NHKラジオ「高橋源一郎の飛ぶ教室」初回放送日: 2023年1月13日「植物のふるまいから人間を考える」のなかで高橋さんの長年の友人であるTとの話をしていてお正月のたびに思い出したいすてきなエピソードだったので書き起こしました。
書き起こし
正月三が日を少し過ぎて、友人のTと会いました。Tとは1年に1度会います。大体はお正月に。どこか食事のできる店で待ち合わせます。お互いに妻を連れて。Tと最初に出会ったのは大学2年の時。半世紀以上も前のことです。
Tは4年で卒業してある証券会社に入りました。けれどもそこは自分のいるべき場所ではないと考え退社。2年半の間1日10時間以上勉強して司法試験に合格。弁護士になりました。僕は8年在籍した大学を満期除籍。その頃の僕は親ともほかの友人とも関係を絶ち、ただ1人会っていたのがTでした。
30歳になり小説家になろうとしてある賞に応募しようとしました。あとは頭の中にあった作品を書くだけです。けれどもそのためには2ヶ月ほど仕事を休まないといけません。でも、お金がない。なのでTに頼みました。
「この作品を書いたら賞を取って作家になれると思うからお金を貸して。」するとTは「君の言うことなら信じるよ。」と言って2ヶ月分の生活費を貸してくれました。Tの貸してくれたお金で食いつなぎ小説を書き、その作品は受賞し僕は作家になったのです。もちろんお金は返しました。
実は2人とも何度も結婚しています。Tの婚姻届の証人はみんな僕で、僕の婚姻届の証人もいつもTです。婚姻届に署名するためにあった年もありました。Tは誰でも知っている事件の弁護士を何度もやっています。でも、僕は弁護士としてのTにはあまり興味がありません。Tも僕がどんなものを書いているかには興味がないみたいです。何かになる前のお互いを知っていて、そのことが一番大切だと思っているからこそなのかもしれません。
1年に1回会ってするのは世間話。特にめぼしい話題があるわけではありません。でも会うと、まるでつい昨日会ったばかりのように自然に話をします。少しも変わっていない、いやもちろんお互いにずいぶん歳を取ったけれどふいに目の前に半世紀も前の二十歳のTがいるような気がしてびっくりします。動作、声、表情。それがまるで変わっていないからでしょう。なんだか不思議です。
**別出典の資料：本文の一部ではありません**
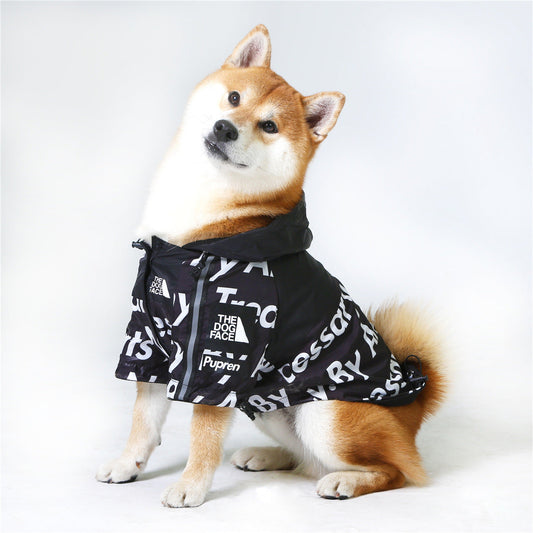 KFX-3565373 Windproof and Rainproof Large Dog Raincoat - Snow Mountain, Red Barrage, Black Barrage - Polyester Shell Jacket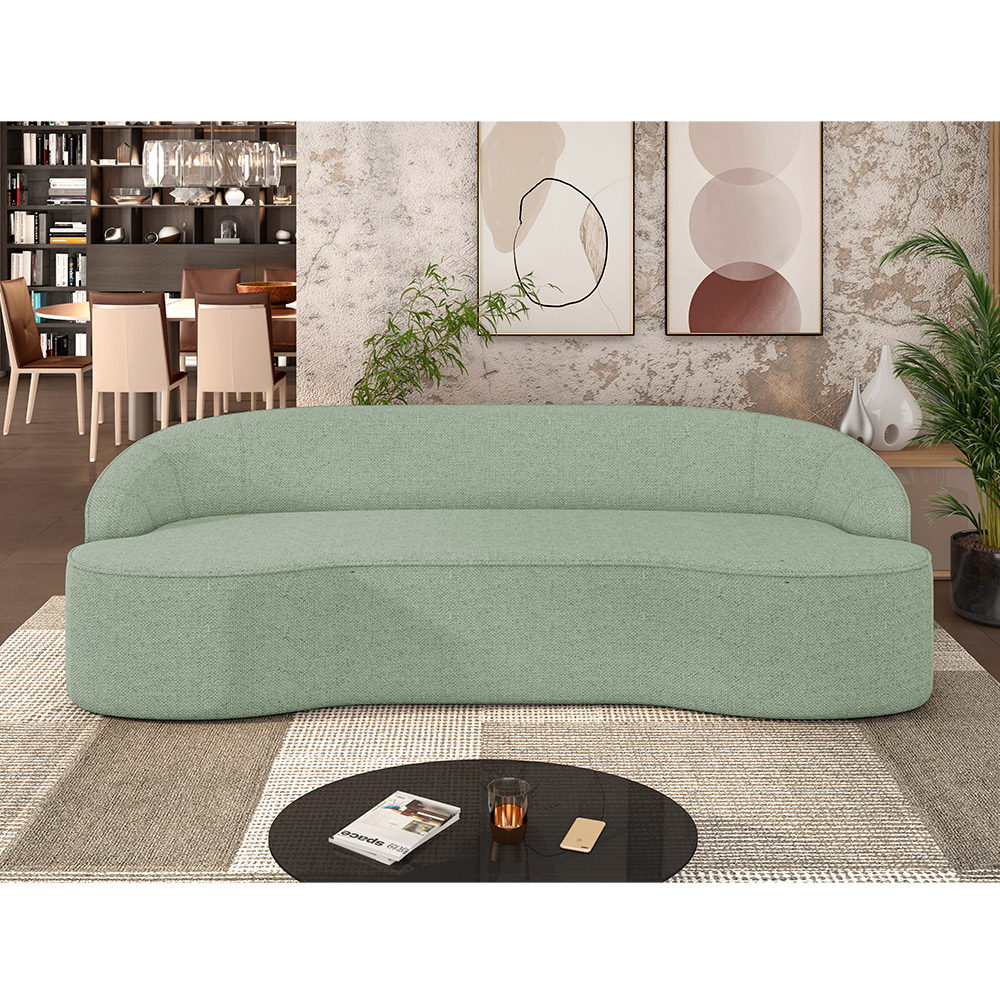 Sofá 4 Lugares Curvo Sala de Estar Living Lótus D02 Linho Verde 260 cm D-477 - Lyam Decor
食べ終わり話終わると店を出ます。だいたいはTが車で最寄りの駅まで送ってくれます。「ありがとう、さようなら、また今度。」それで別れ。彼の車が去るのを見送ると新しい年がやってきたな、と思うのでした。
初回放送日: 2023年1月13日「植物のふるまいから人間を考える」
何者でもないときの友人というのは、何者でもなく会える着の身着のままの関係。自分にもいるそういう友達はずっと大切にしたいと改めて感じます。